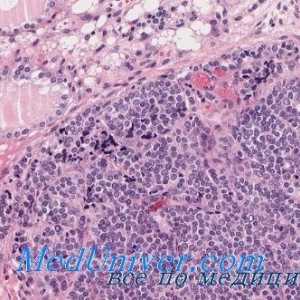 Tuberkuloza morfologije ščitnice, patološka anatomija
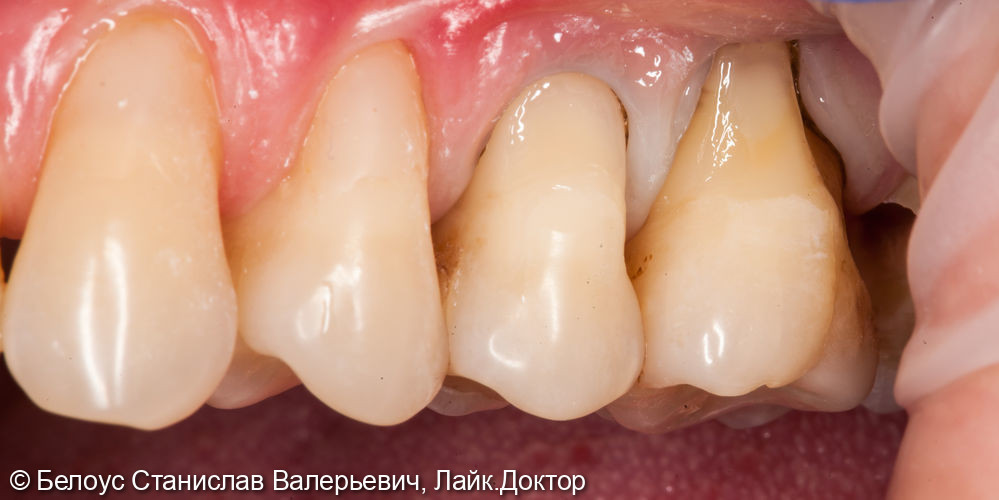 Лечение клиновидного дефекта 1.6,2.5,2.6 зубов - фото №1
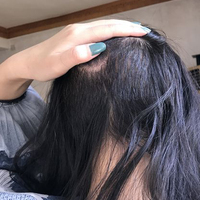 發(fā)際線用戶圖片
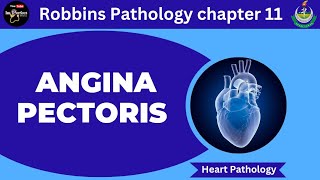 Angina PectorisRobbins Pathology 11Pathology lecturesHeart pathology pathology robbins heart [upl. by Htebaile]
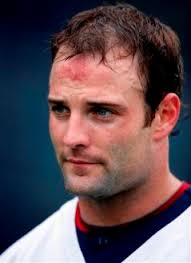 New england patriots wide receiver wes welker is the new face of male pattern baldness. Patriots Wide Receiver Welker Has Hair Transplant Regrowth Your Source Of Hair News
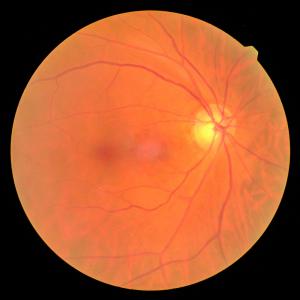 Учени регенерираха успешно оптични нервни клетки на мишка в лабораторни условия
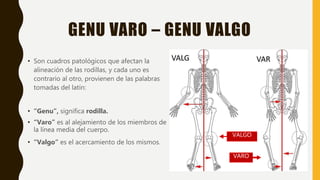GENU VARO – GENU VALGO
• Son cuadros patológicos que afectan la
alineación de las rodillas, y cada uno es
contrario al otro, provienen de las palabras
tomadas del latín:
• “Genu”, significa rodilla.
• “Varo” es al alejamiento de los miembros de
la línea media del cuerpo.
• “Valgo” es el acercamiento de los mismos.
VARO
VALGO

## What you have to do
Output only the lines that run from the line containing "GENU VARO – GENU VALGO" to the last line of the data, exactly as they stand and without pictures.

## Response below
GENU VARO – GENU VALGO
• Son cuadros patológicos que afectan la
alineación de las rodillas, y cada uno es
contrario al otro, provienen de las palabras
tomadas del latín:
• “Genu”, significa rodilla.
• “Varo” es al alejamiento de los miembros de
la línea media del cuerpo.
• “Valgo” es el acercamiento de los mismos.
VARO
VALGO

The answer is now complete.